Des visages hétéroclites
Le johannisberg de la Cave de l’Orlaya, à Fully, termine tout près avec une note de 14.6 points. C’est un blanc au caractère très différent: «Il est vif, puissant et élégant à la fois, même si l’alcool est un peu trop présent», relève René Roger.
Son exubérance tranche avec le johannisberg de la Cave sierroise St-Georges qui se classe au troisième rang: «La bouche et le nez sont discrets. C’est un très bel exemple du cépage et l’un des seuls vins de notre dégustation qui est vraiment sec», souligne Thibaut Panas.
C’est d’ailleurs sur le plan de la sucrosité que les disparités ont été les plus marquées. Les différences de terroir dans la vallée du Rhône, le choix de la période de la vendange et de la vinification sont autant de variables qui marquent fortement le caractère des johannisbergs. Le consommateur peut ainsi tomber sur un blanc sec comme celui de la Cave St-Georges ou sensiblement plus doux comme le Hurlevent des Fils de Charles Favre. Loterie inévitable lorsqu’on achète son vin dans un supermarché plutôt qu’auprès d’un vigneron directement.
Yves-Noël Grin
Evolution
Les spécialités se réveillent
Le visage du vignoble valaisan a profondément changé au cours des vingt-cinq dernières années. Ce n’est pas une vue de l’esprit, mais la réalité des chiffres de l’Office cantonal de la viticulture. On constate d’abord que les cépages blancs ont perdu du terrain face aux rouges en occupant que 38,8% du vignoble en 2015 contre 46,6% en 1991. Ensuite, c’est la dégringolade du chasselas qui interpelle: s’il reste de loin le plus répandu des blancs, sa surface a fondu de 1875 hectares (ha) à 879 ha en l’espace de vingt-cinq ans.
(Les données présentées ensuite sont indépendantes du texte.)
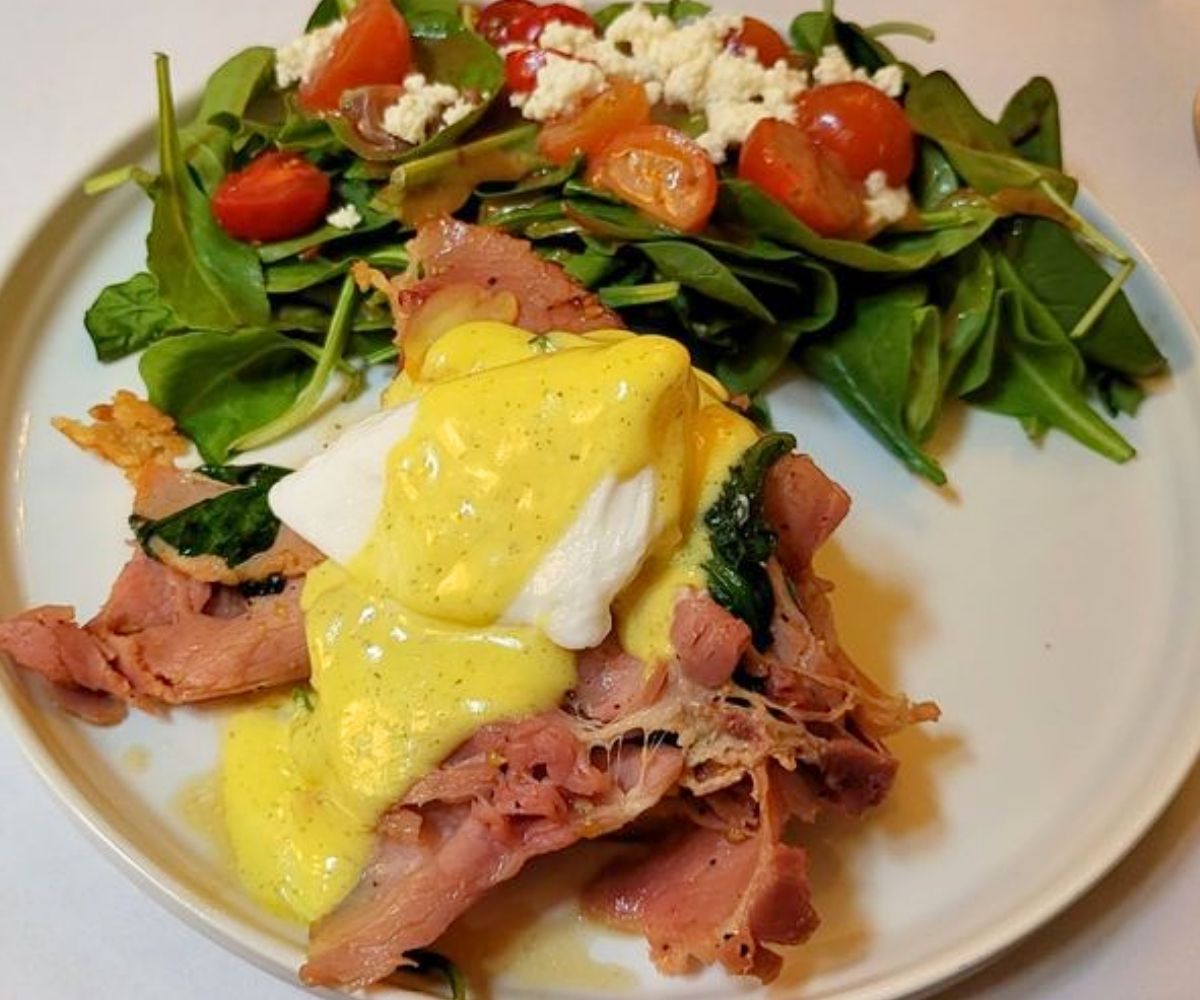 Benedict at Otto's in Convington, Kentucky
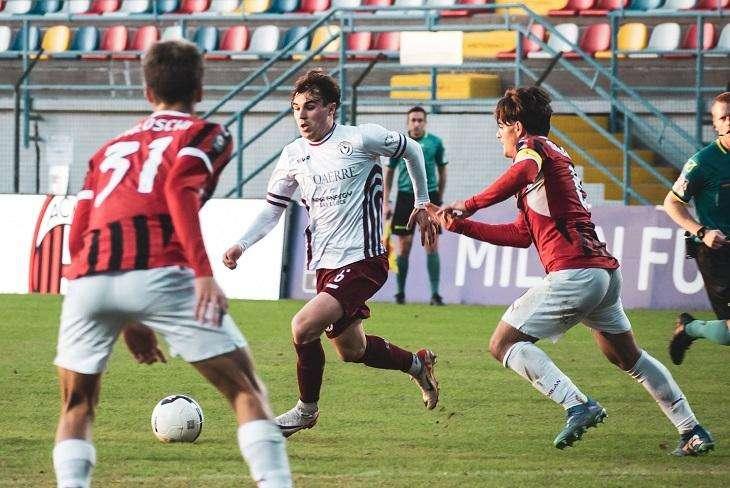 Lega Pro : Milan Futuro - Arezzo 2 - 2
Pendant la même période, le johannisberg n’a perdu que quelques plumes (-13 ha) pour dénombrer 258 ha en 2015. Mais, derrière lui, deux blancs ont explosé: l’arvine a vu sa surface bondir de 39 ha à 196 ha et le savagnin blanc (païen ou heida) de 14 ha à 157 ha! La majorité des autres blancs, comme le chardonnay, la marsanne (hermitage) ou le pinot gris, ont progressé plus modestement.